ROMA. Il mercato del lavoro italiano sarebbe il più rigido tra quelli dei paesi sviluppati. Niente di più falso.  L'errore dell'Ocse risale agli anni '90, quando per sbaglio i ricercatori considerarono il trattamento di fine rapporto (tfr), istituto riconosciuto anche in tutti gli altri ordinamenti, come una sorta di indennizzo per il licenziamento.

Questa svista fece sballare tutti i calcoli, motivo per cui l'indice di rigidità del mercato italiano risultò altissimo. Da qui il luogo comune che vuole che in Italia l'esistenza di troppi vincoli al licenziamento, a cominciare dall'articolo 18.

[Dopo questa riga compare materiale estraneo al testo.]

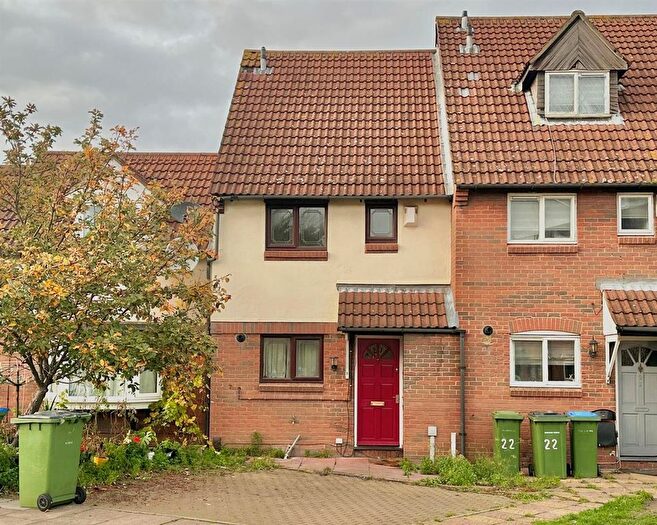 2 Bedroom Property To Rent In Nickelby Close, London, SE28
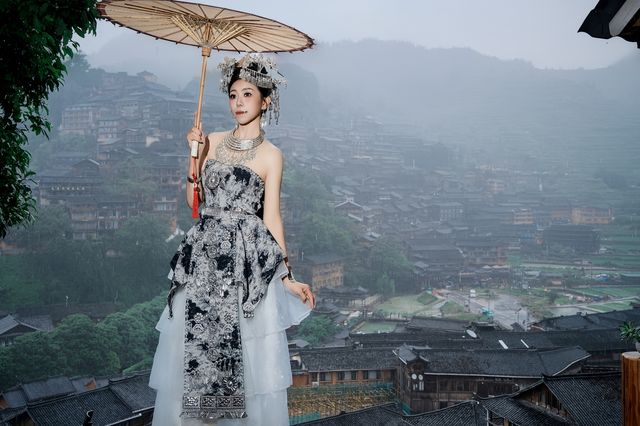 嚟千戶苗寨，當然要體驗苗族服飾寫真啦……
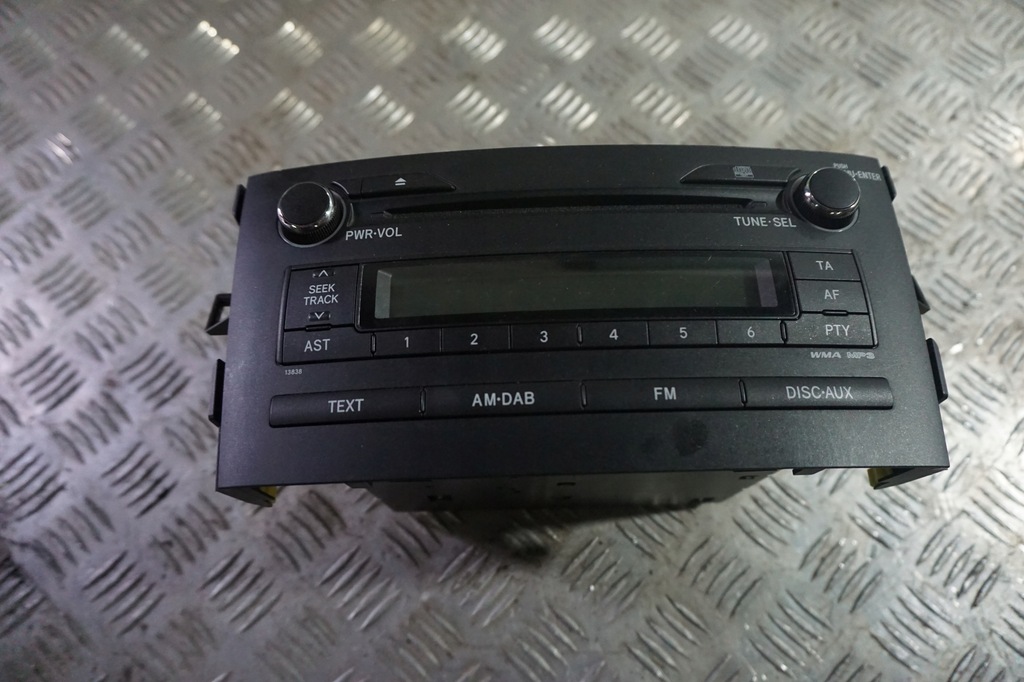 фото №2, Радио радиопроигрыватель cd mp3 toyota auris 09-12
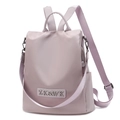 Zaino antifurto da donna in nylon viola chiaro con dettaglio logo in metallo minimale - Stile con Lettere - Rosa Viola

Quasi 10 anni dopo – su segnalazione della Banca d'Italia e di Maurizio Del Conte, uno studioso della Bocconi – l'Ocse ammise l'errore e rifece il calcolo. Si scoprì così che il livello di protezione (articolo 18 incluso) dei lavoratori in Italia non è affatto superiore a quello di molti nostri concorrenti, a cominciare da Paesi di solito presi a modello come la Germania, l'Olanda e la Svezia.

Venendo a tempi più recenti, nel 2013 l'Ocse assegna all'Italia un indice di protezione per un lavoratore assunto a tempo indeterminato pari a 2,51. L'indice della Germania è più alto (2,87), così come più alti sono i valori di Olanda (2,82) e Svezia (2,61). Inoltre, mentre questo dato è rimasto stabile in Germania, Svezia e Olanda tra il 2012 e il 2013, in Italia è calato (era 2,76) per effetto delle modifiche apportate all'articolo 18 dalla riforma Fornero.